Assignment = Starting at the first line of the data, print each line verbatim up to and including the line bearing "House is House", omitting pictures.

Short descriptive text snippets
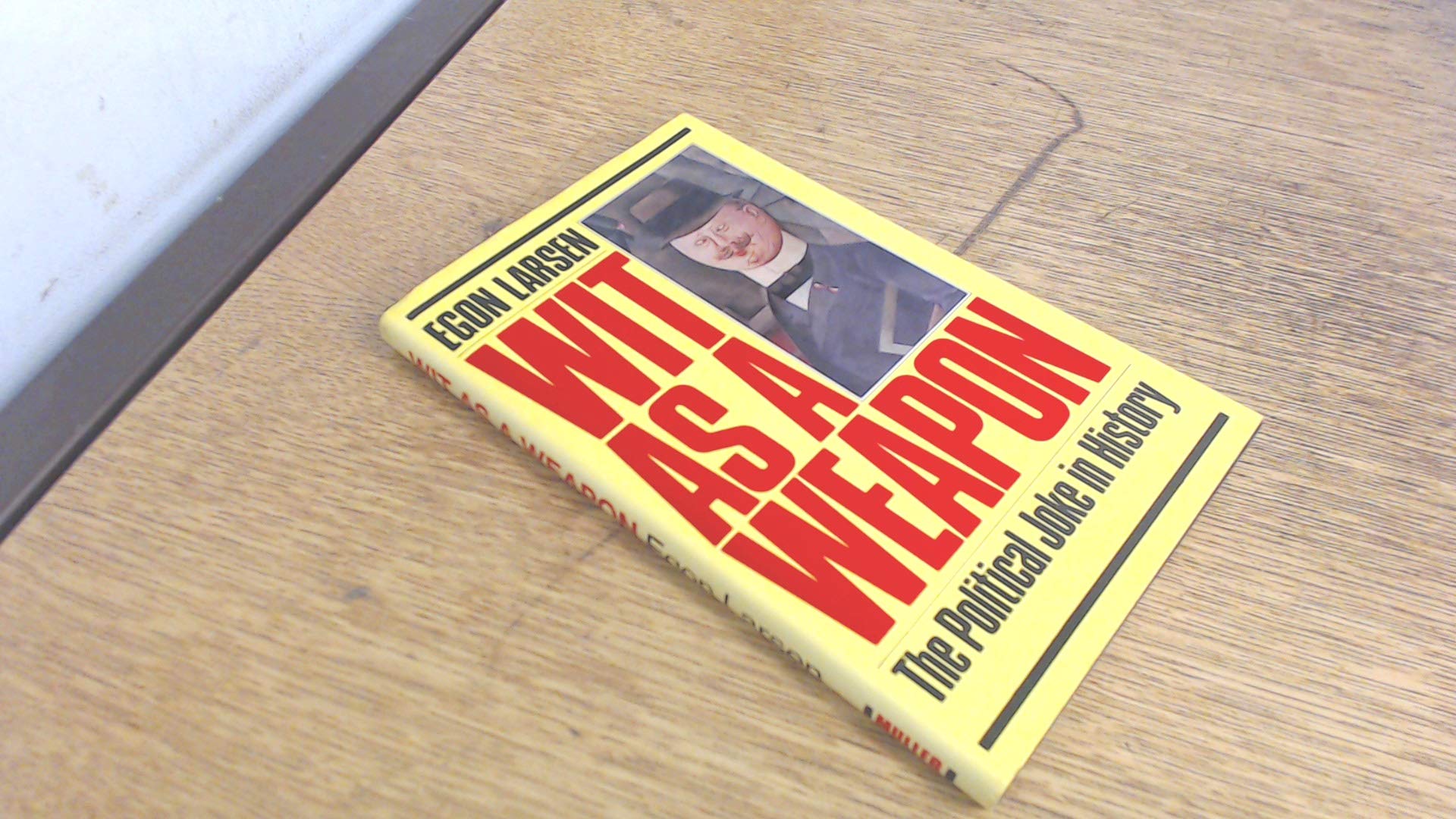 Buy Wit as a Weapon: Political Joke in History — BookShops.in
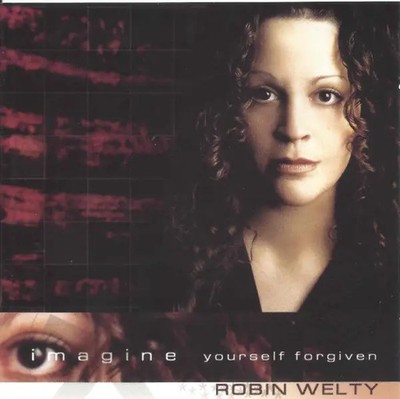 CD Robin Welty Imagine Yourself Forgiven Paradiso Music
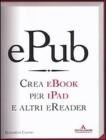 ePub-Crea eBook per iPad e altri eReader. eBook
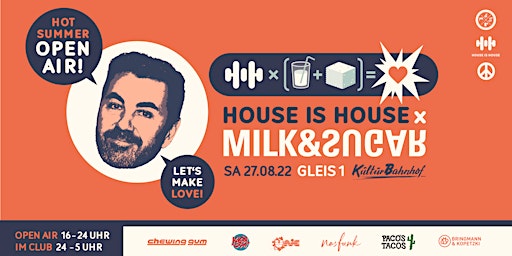 House is House Presents Milk & Suger Summer Open Air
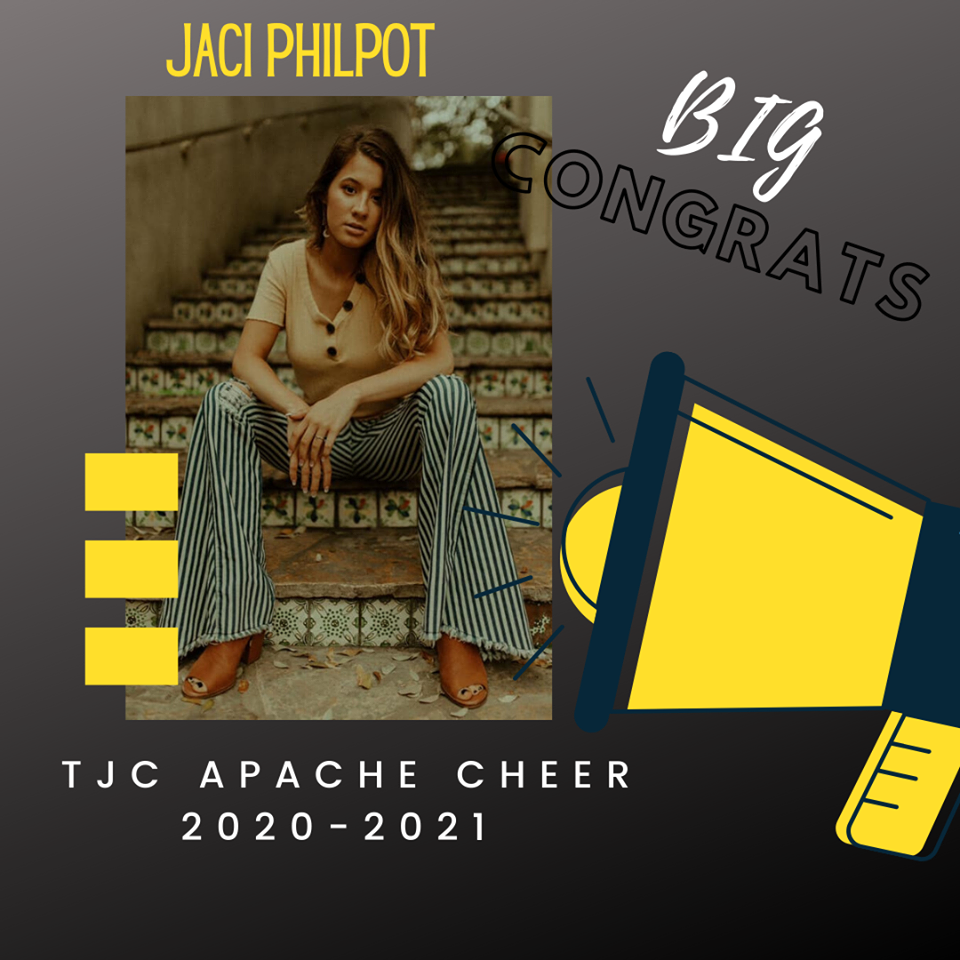 Congratulation post from the TJC Apache Cheer Facebook page welcoming Senior Jaci Philpot as a new member.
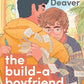 THE BUILD-A BOYFRIEND PROJECT by MASON DEAVER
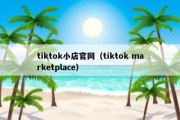 tiktok小店官网（tiktok marketplace）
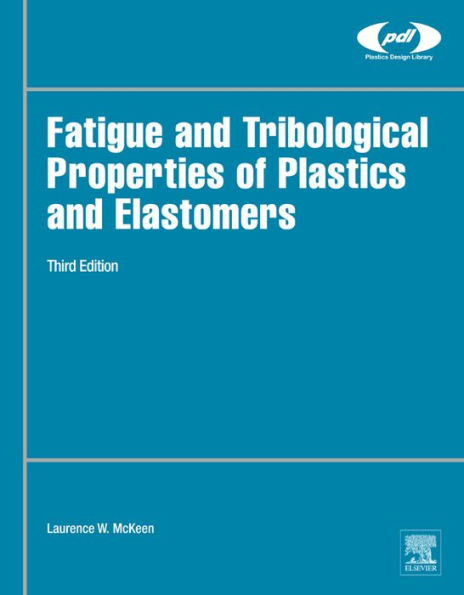 Fatigue and Tribological Properties of Plastics and Elastomers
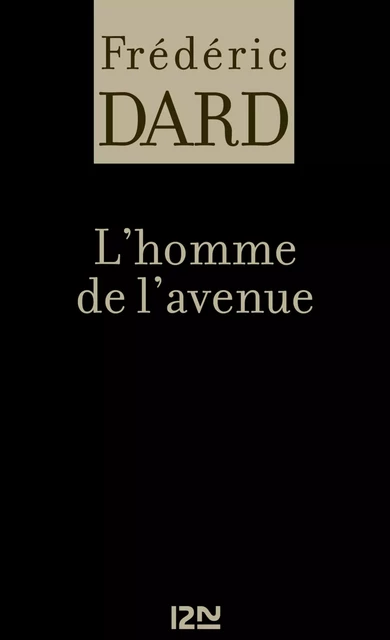 L'homme de l'avenue - Frédéric Dard - Univers Poche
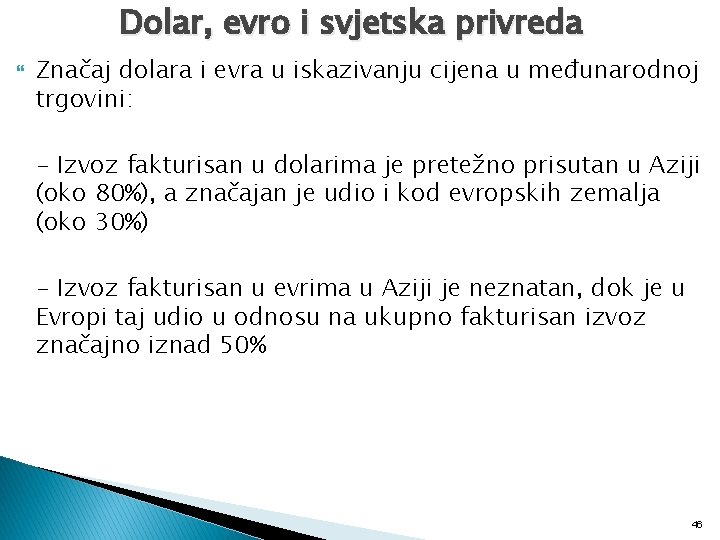 Dolar, evro i svjetska privreda Značaj dolara i evra u iskazivanju cijena u međunarodnoj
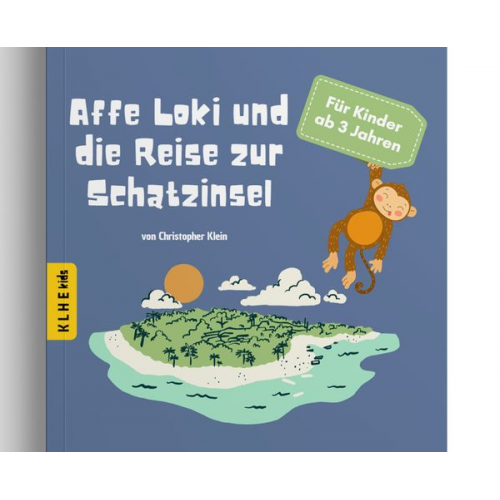 Christopher Klein - Affe Loki und die Reise zur Schatzinsel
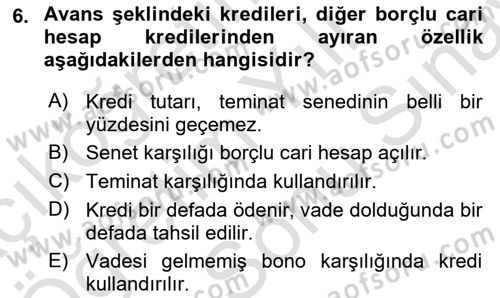 Banka ve Sigorta Muhasebesi Dersi 2021 - 2022 Yılı (Final) Dönem Sonu Sınav Soruları 6. Soru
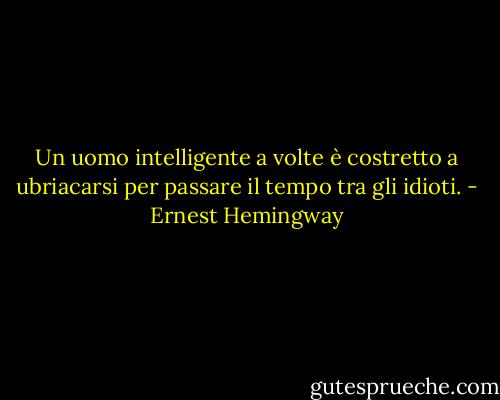 Un uomo intelligente a volte è costretto a ubriacarsi per passare il tempo tra gli idioti. - Ernest Hemingway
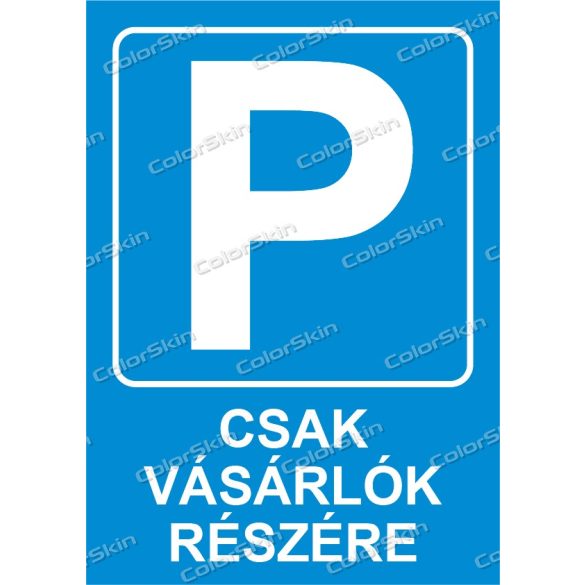 Parkoló tábla - ügyfél, magán, csak vásárlók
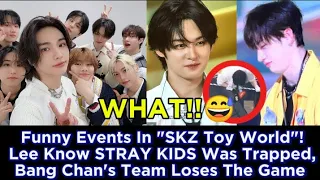 Funny Events In "SKZ Toy World"! Lee Know Stray Kids Was Trapped, Bang Chan's Team Loses The Game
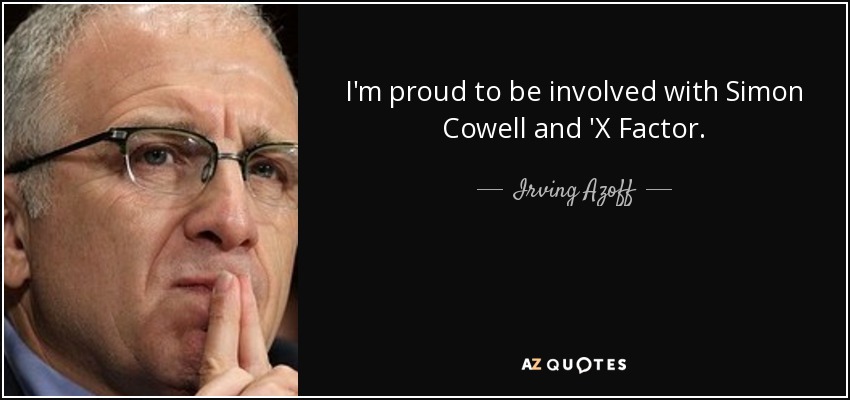 I'm proud to be involved with Simon Cowell and 'X Factor. - Irving Azoff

Solution to this task =
 Buy Wit as a Weapon: Political Joke in History — BookShops.in
 CD Robin Welty Imagine Yourself Forgiven Paradiso Music
 ePub-Crea eBook per iPad e altri eReader. eBook
 House is House Presents Milk & Suger Summer Open Air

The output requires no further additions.